Technology vs Sentimentality
It was just an ordinary Wednesday afternoon. Birds were chirping, cats were meowing, worms were doing whatever worms do and I was perusing the Guardian’s English2English blog when my laptop’s battery icon started flashing at me screaming “Attention, attention, only 10%, wait no, only 5%! Do something about this, you ninny!” but no matter how much jiggling of the wires I did, the laptop still wouldn’t suck up any battery and off it popped to that great electronic graveyard in the sky.

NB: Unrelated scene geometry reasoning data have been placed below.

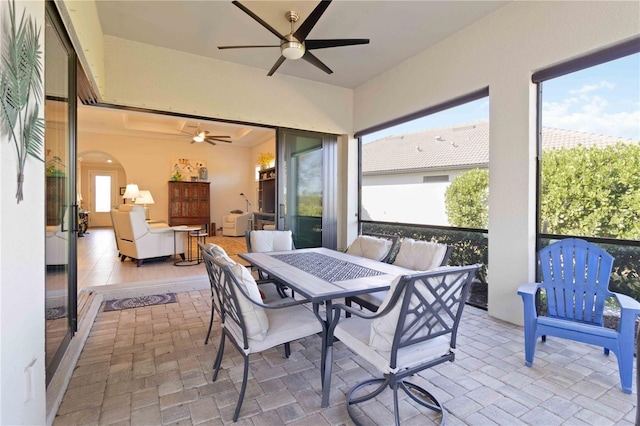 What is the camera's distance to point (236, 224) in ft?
31.3

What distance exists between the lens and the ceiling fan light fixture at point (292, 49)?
3.13 meters

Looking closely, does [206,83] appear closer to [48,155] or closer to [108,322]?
[48,155]

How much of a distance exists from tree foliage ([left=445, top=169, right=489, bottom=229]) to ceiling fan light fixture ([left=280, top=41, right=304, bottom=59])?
8.30 ft

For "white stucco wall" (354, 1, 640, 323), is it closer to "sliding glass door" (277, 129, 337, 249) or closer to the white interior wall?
"sliding glass door" (277, 129, 337, 249)

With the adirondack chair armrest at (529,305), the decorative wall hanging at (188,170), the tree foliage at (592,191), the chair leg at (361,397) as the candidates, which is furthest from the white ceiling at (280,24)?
the decorative wall hanging at (188,170)

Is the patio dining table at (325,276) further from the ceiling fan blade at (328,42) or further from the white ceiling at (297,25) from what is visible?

My laptop had been giving me signs that it was on its last legs for a while. The most obvious sign was the fact that it wouldn’t hold any battery. Even unplugging it for a quick, 2 minute dash to the printer was a way too ambitious task. It was a laptop with an inferiority complex – it so badly wanted to be a desktop PC that it needed to be plugged in at all times. But I’m a dangerous mix of a sentimental old fool who doesn’t like change and someone who finds it unbelievably hard to spend big amounts of money, so I stuck with my laptop even though I knew we were nearing the end. I just kept thinking that it would maybe perk up a bit, because technology that’s so old it was purchased when Bush was still the President often improves with age like a fine wine.
Now I’m someone who can form an attachment to anything that’s in my possession for longer than a week but I think that everyone gets pretty attached to laptops and other electronic devices – there’s just so much of us and our lives on them. My laptop was full of information: stories, ideas, bookmarks for useful websites, university essays and lots of selfies (which, in my defence were taken after a particularly short haircut so that I could monitor how quickly my hair was growing. We’ve all been there, right?) There’s that huge feeling of panic when you realise your computer is about to die and there’s nothing you can do but hope that there’s nothing left on it that you’re going to lose forever. Because, yes, all of these things are ones that can be backed up, but even if you do back them up, it’s still not the same, you can never look at them again on your laptop.
Because although this new shiny laptop that I’m writing on is probably a million times better than that old heap of junk I previously had (and that I’m still so attached to, I’ve kept it in the bottom of my wardrobe) I just don’t feel like we’re getting on. I am trying to make it work. I know that the difference in technology between the two laptops is probably like the difference between jumping to the shops via pogo stick and driving there by car, but I still long for the days of Microsoft Word 2003 where I didn’t have to be signed into an e-mail account to write some words down. The good old days back when I could actually get the mousepad to do what I wanted and when everything wasn’t so swooshy.
Or, in other words, I’m an old fart who doesn’t like change. Are you guys like this? Do you keep hold of old technology because it feels familiar to you? Or do you embrace new technology with open arms?